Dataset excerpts
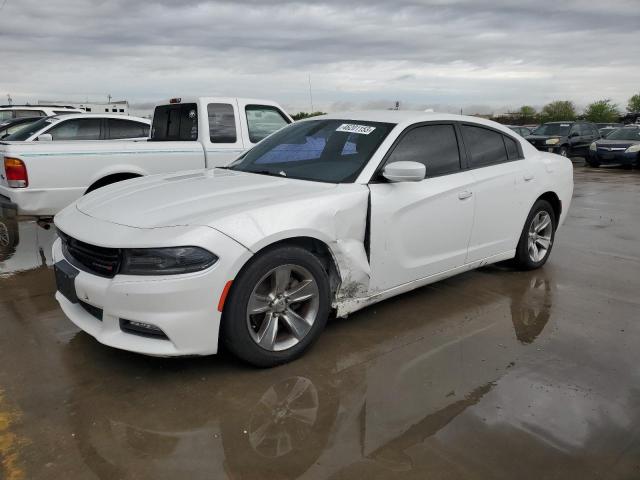 DODGE CHARGER SX 2015 2c3cdxhg2fh824375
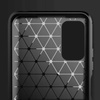 Spacecase Carbon Redmi Note 10 5G/Poco M3 czarny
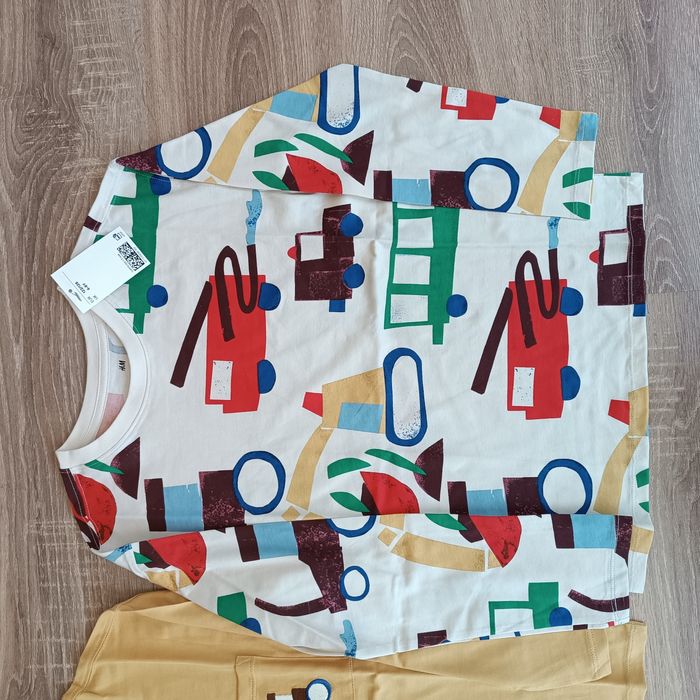 Tricouri cu mânecă lungă băieți mărimea 122-128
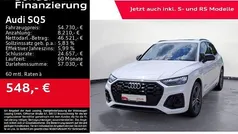 Weiß Gebraucht 2022 Audi SQ5 Business SUV | 54.730 € (Fairer Preis)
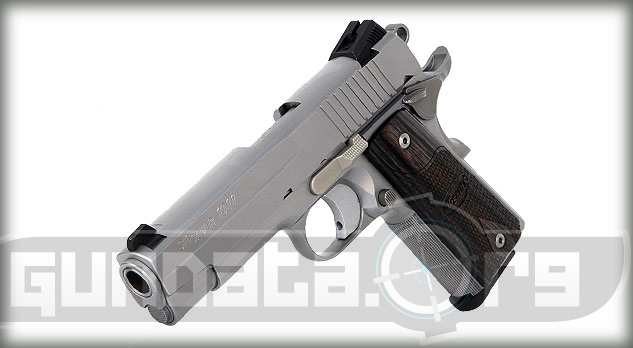 1911-XCARRY STAINLESS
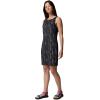Columbia Women’s Chill River Printed Dress(Black/Shimmer)
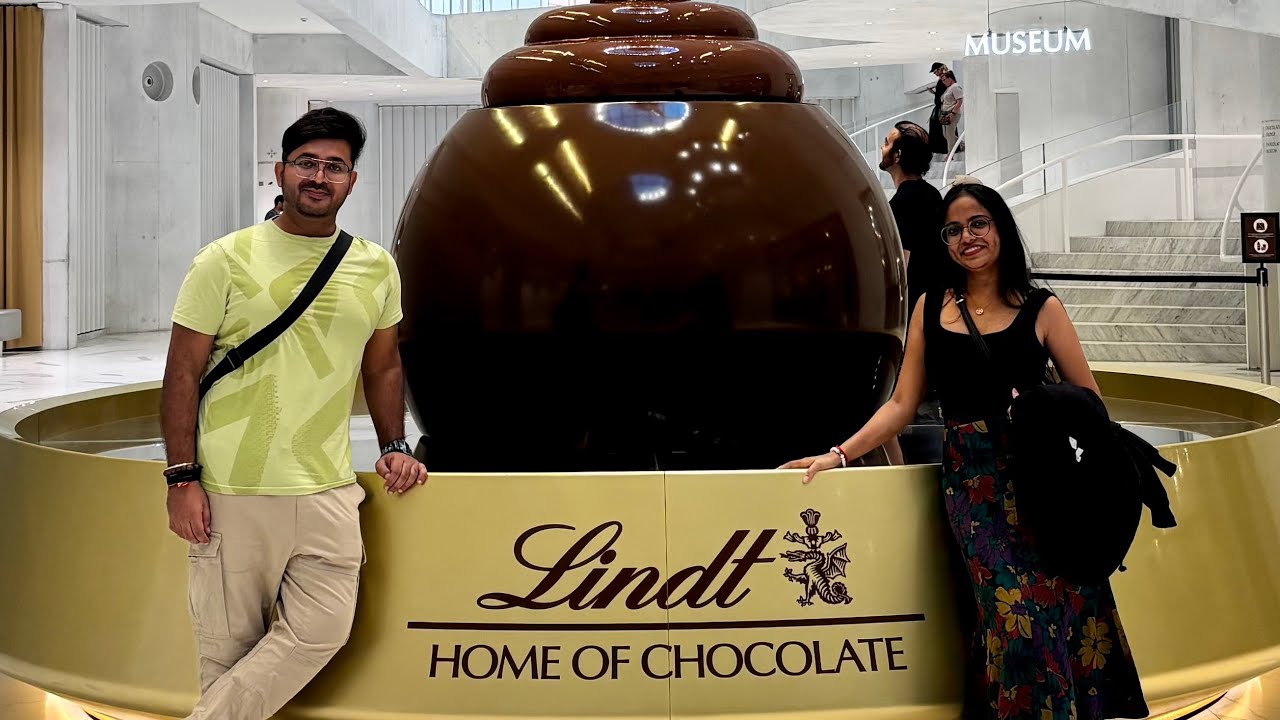 Switzerland 🇨🇭 | Part 1 – Zurich, Zurich Zoo & Rhine Falls (September 2025)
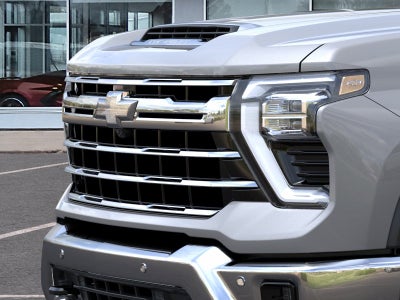 2026 Chevrolet Silverado 3500 HD LTZ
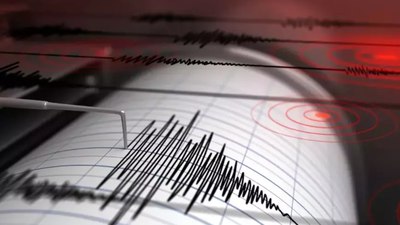 SON DAKİKA! Bitlis'te 4.5 büyüklüğünde deprem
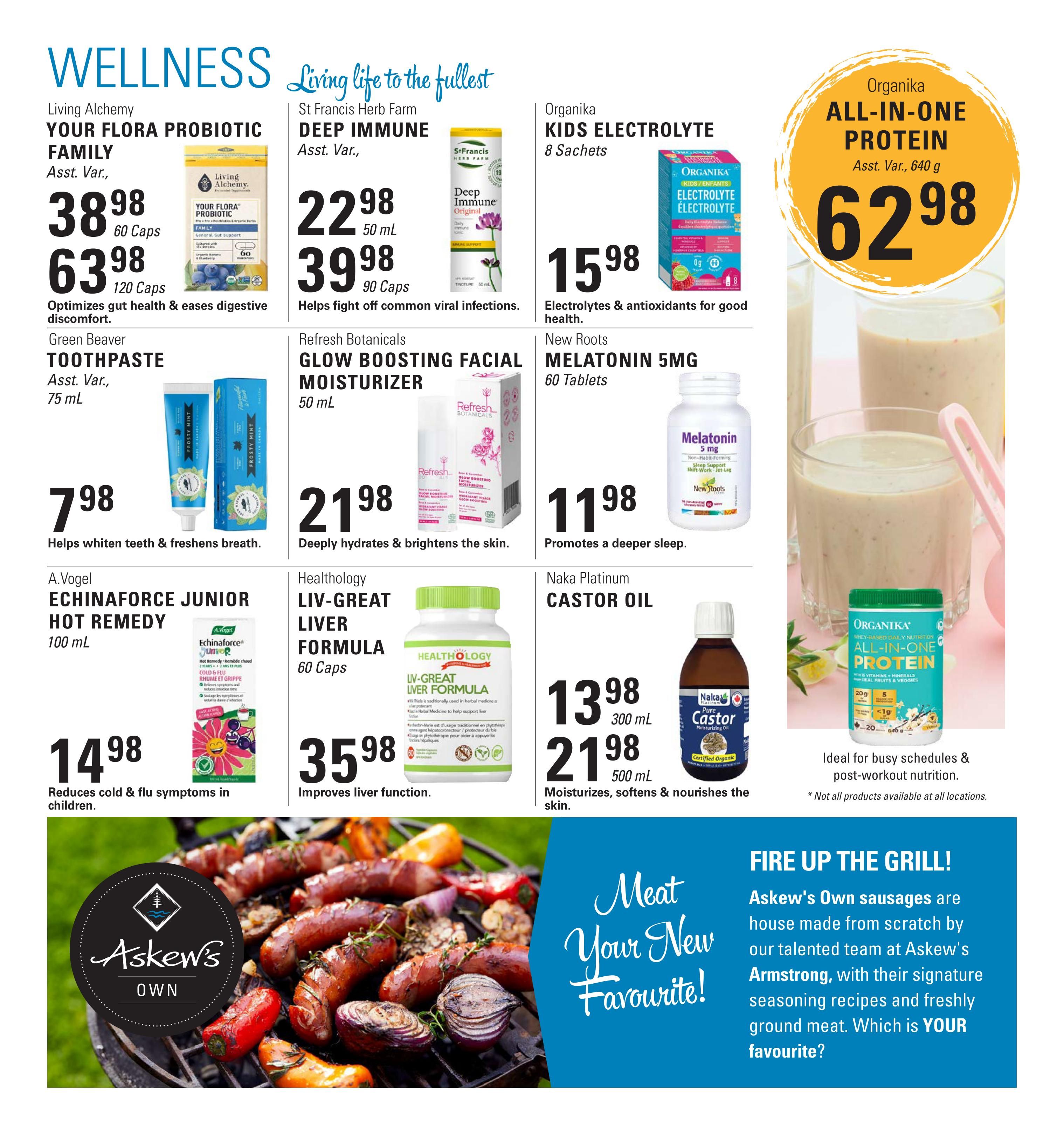 Askews Foods Flyer September 6 to 12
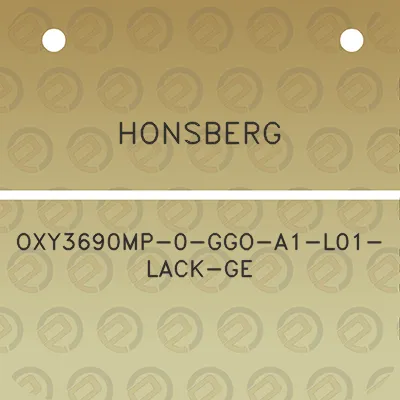 honsberg-oxy3690mp-0-ggo-a1-l01-lack-ge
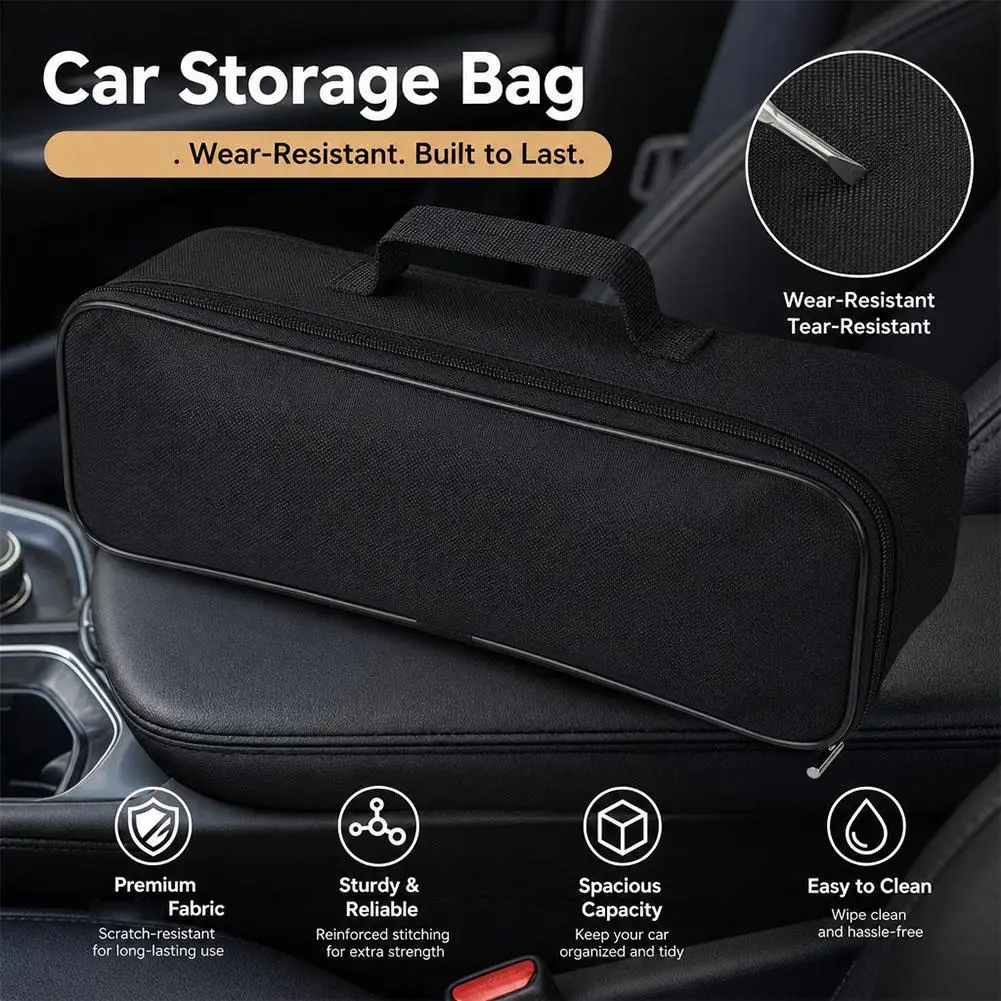 Vacuum Cleaner Tools Bag Oxford Cloth Storage Bag Storage Emergency Tool Kit Portable Tool Bag For Small Metal Tool Bag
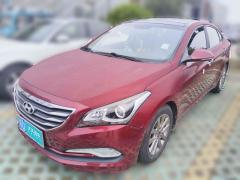 [常州·苏D] 现代名图2014款 1.8L 自动智能型GLS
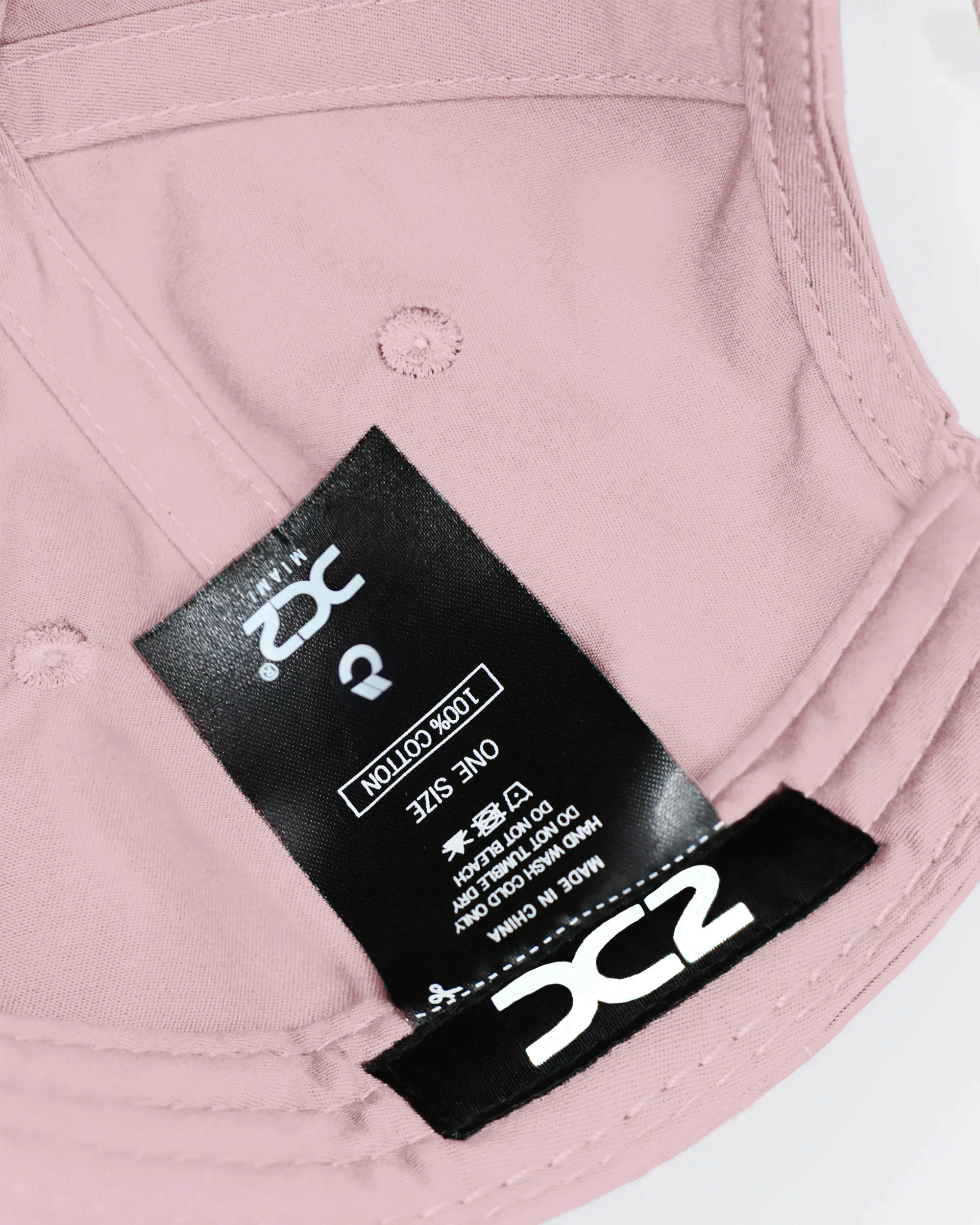 LEISURE PINK - Resort Cap | DC2 - Image 8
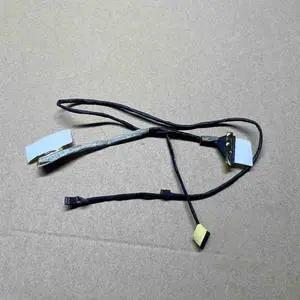For 8573T 15.6 inch laptop LCD video cable + CCD 50.4NM01.011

• EXERCISE BRIEF: Begin at the line containing "SON DAKİKA! Bitlis'te" and transcribe exactly every line through the end of the records, both ends included, leaving the pictures out.

• THE COMPLETED TASK:
 SON DAKİKA! Bitlis'te 4.5 büyüklüğünde deprem
 Askews Foods Flyer September 6 to 12
 honsberg-oxy3690mp-0-ggo-a1-l01-lack-ge
 Vacuum Cleaner Tools Bag Oxford Cloth Storage Bag Storage Emergency Tool Kit Portable Tool Bag For Small Metal Tool Bag
 [常州·苏D] 现代名图2014款 1.8L 自动智能型GLS
 LEISURE PINK - Resort Cap | DC2 - Image 8
For 8573T 15.6 inch laptop LCD video cable + CCD 50.4NM01.011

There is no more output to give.